Beni de çok germişti. Korku filmleri üzerinden anlatayım. Bir korku filmi izlerken cinli şeytanlı bir filmse gerçek olmadığını bildiğimiz için çok korkmayız. Uzaylı temalı bir filmse gerçek olsa bile bize denk gelme ihtimali imkansıza yakın olduğundan çok korkmayız. Seri katil temalı filmlerde çoğunlukla yine bize denk gelme ihtimali imkansıza yakın olduğundan çok korkmayız. Ama eğer bir seri katil hikayesi yeterince iyi işlenmişse bizi diğer hepsinden fazla korkutabilir. Monster ise izlediğim en sağlam seri katil hikayelerinden biri. Lost(monster daha eski ama olsun), Ejderha Dövmeli Kız(monster bundan da eski diye biliyorum), The Fugitive ve Hannibal Lecter hikayelerinin muhteşem bir karışımı. Çok da spoiler sayılmaz aslında ama Bence en ilginç yanı Johan’ı hikayenin ilk 25 bölümünde toplam 10 dakika civarı görmemize rağmen her sahnede varlığını hissetmek. Son olarak hikayenin sonunu beğenmeyen varsa şu videoyu izlesin. (ingilizce)

2 Beğeni

Bu kısımda dediğinize kesinlikle katılıyorum. Anime o yüzden çok geriyordu zaten. Fazla gerçekçiydi. Her an kendimi ölebilir hissetmiştim. Korku filmlerinden de dediğiniz sebeplerden dolayı korkmam ama Monster beni etkilemişti.
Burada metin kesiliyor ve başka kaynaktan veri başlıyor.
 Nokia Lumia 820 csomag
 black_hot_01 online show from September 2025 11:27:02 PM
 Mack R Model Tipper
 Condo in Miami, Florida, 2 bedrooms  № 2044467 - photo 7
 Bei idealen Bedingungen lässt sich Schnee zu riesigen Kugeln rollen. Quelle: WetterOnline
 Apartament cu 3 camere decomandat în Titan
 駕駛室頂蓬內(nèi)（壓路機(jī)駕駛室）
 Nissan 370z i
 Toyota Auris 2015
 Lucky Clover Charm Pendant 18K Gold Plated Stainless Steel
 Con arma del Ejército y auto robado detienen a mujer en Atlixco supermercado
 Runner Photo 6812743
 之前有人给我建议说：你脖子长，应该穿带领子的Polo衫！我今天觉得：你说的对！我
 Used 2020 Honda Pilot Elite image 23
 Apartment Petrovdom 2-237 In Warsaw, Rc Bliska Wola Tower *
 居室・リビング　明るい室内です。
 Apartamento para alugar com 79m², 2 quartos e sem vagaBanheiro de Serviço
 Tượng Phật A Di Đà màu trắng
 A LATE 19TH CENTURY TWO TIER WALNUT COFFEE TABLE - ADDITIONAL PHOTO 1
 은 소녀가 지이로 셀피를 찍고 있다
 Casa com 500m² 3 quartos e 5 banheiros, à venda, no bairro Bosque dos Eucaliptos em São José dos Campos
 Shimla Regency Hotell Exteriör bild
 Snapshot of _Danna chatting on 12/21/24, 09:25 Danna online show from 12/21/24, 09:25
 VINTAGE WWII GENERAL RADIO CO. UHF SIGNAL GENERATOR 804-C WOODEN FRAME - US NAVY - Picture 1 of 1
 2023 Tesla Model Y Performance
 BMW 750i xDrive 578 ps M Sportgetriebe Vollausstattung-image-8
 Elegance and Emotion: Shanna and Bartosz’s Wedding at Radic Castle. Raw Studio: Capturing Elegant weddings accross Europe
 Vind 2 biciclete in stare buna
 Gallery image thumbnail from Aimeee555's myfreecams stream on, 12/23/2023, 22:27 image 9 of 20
Daha çok yolum varmış desenize. Naruto, one piece ömrümün yarısı eder zaten :joy: @Tilqi_Gin o zaman üstünkörü şu animelerin öykülerine göz atıp öyle başlayayım.

1 Beğeni

Zaten çevirmenler şu animenin şu sahnesine gönderme yapılıyor filan diye üstte not düşüyorlar. Göndermeler de genelde direkt giyim tarzı, replik ya da direkt olan bir olay tarzında oluyor. Mesela en ünlülerinden bleach da ichigonun kılıcı ile yaptığı konuşma sahnesinin tamamen aynısını dalgaya vurulmuş olarak vardır. Çoğunlukta bu şekilde yani. Ama kendi komedisi de üst düzey emin olabilirsiniz. @Tilqi_Gin dediği gibi ama alışma süreci biraz sorun olabiliyor. Ben 4. Başlamamda izlemeye devam ettim öyle söyleyeyim.